No Indian festival would ever be right without its requisite amount of flowers. Traditionally the most auspicious form of welcome into a household for kings and guests alike, flower arrangements in the form of Rangoli or just old school flower garlands around the doors are an integral part of our Diwali festivities.
An ode to our heritage rich with art, the Rangoli is a timeless exhibition of our passion for colours, life and dynamism, all of which are synonymous with Diwali. A myriad variety of patterns, each with its unique story and flavour are drawn on the floor to welcome home the gods and guests alike.
Since time immemorial, Diyas or small earthen lamps have become a symbol of the victory of good over evil, of light over darkness. According to folklore, the triumphant return of Lord Ram and Sita to Ayodhya was marked by diyas placed by the people of the kingdom to welcome home their rightful king.
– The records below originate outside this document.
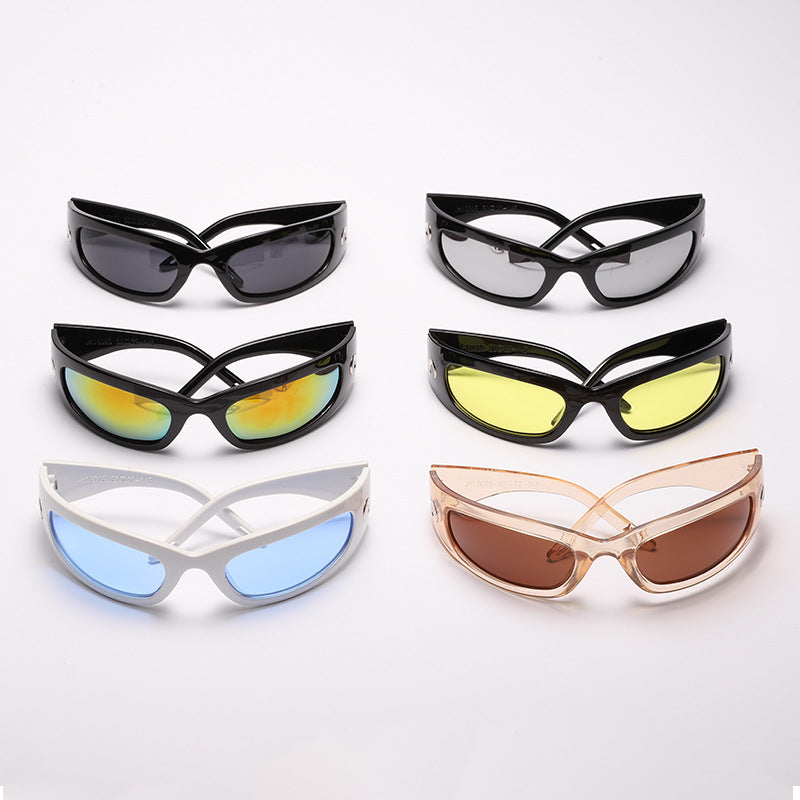Women's sporty sunglasses with ergonomic design Bowlift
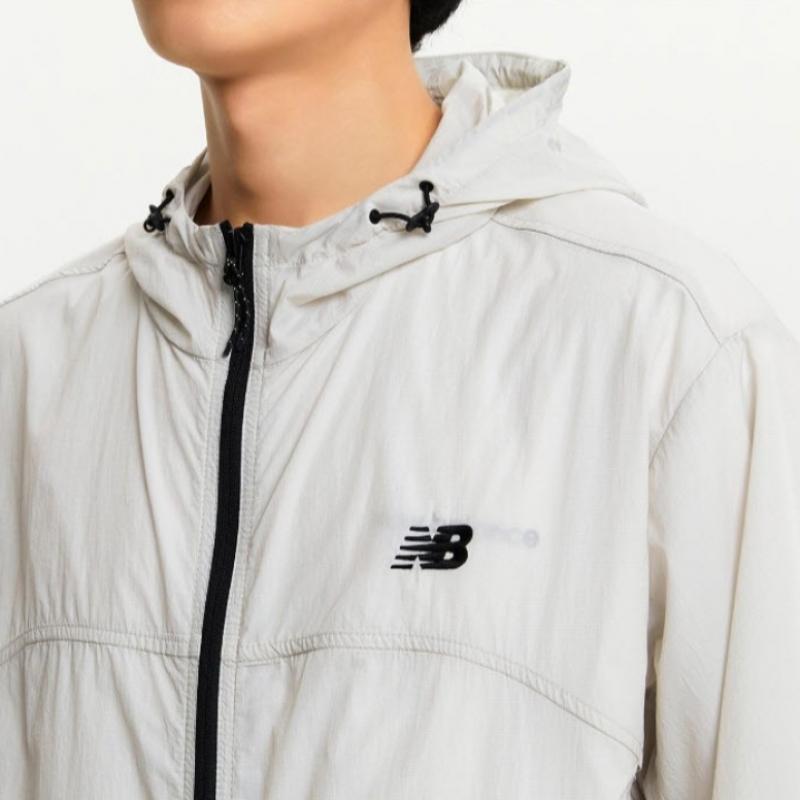 New Balance Windshield Lqj Nbnae21013 36 Uni Essential Small Logo Lightweight Windshield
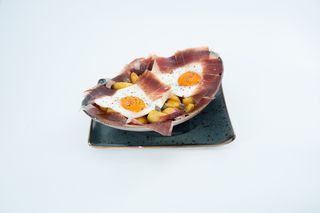 Huevos Rotos Trufados Con Jamón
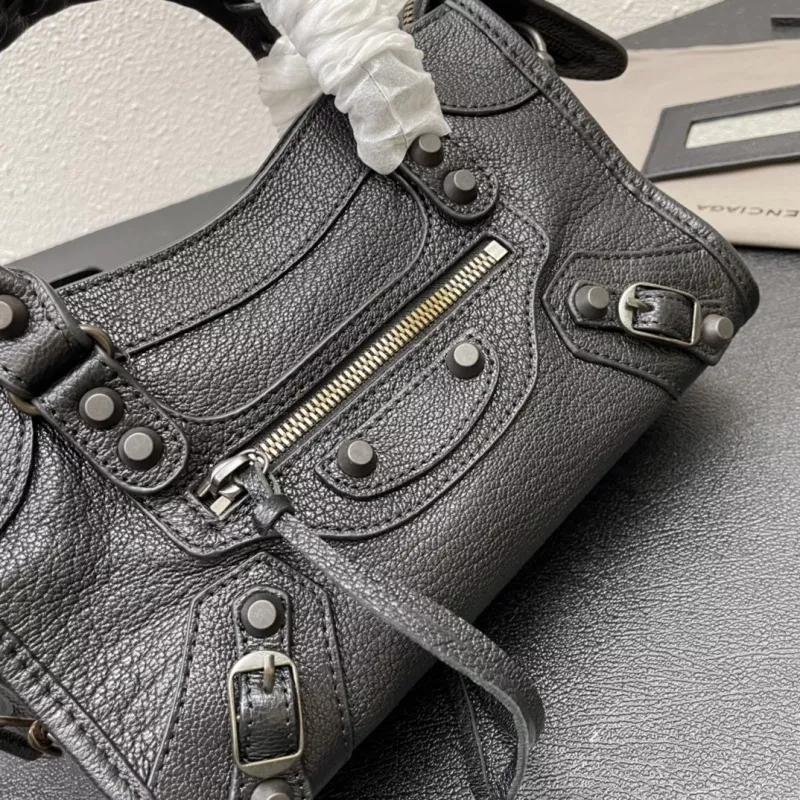 Balenciaga AAA Quality Handbags For Women Resilient 9112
Over the last few decades, Kandils have become another welcome addition to our traditional Diwali festivities. These paper / fabric lanterns are often homemade by the children in the family and are today an integral part of our Diwali home decor.
Sky Lanterns today are fast replacing the loud and polluting crackers as the staple Diwali fanfare. A true sight to behold, Sky Lanterns are lit and released into the air by families together with prayers and supplications for the gods above.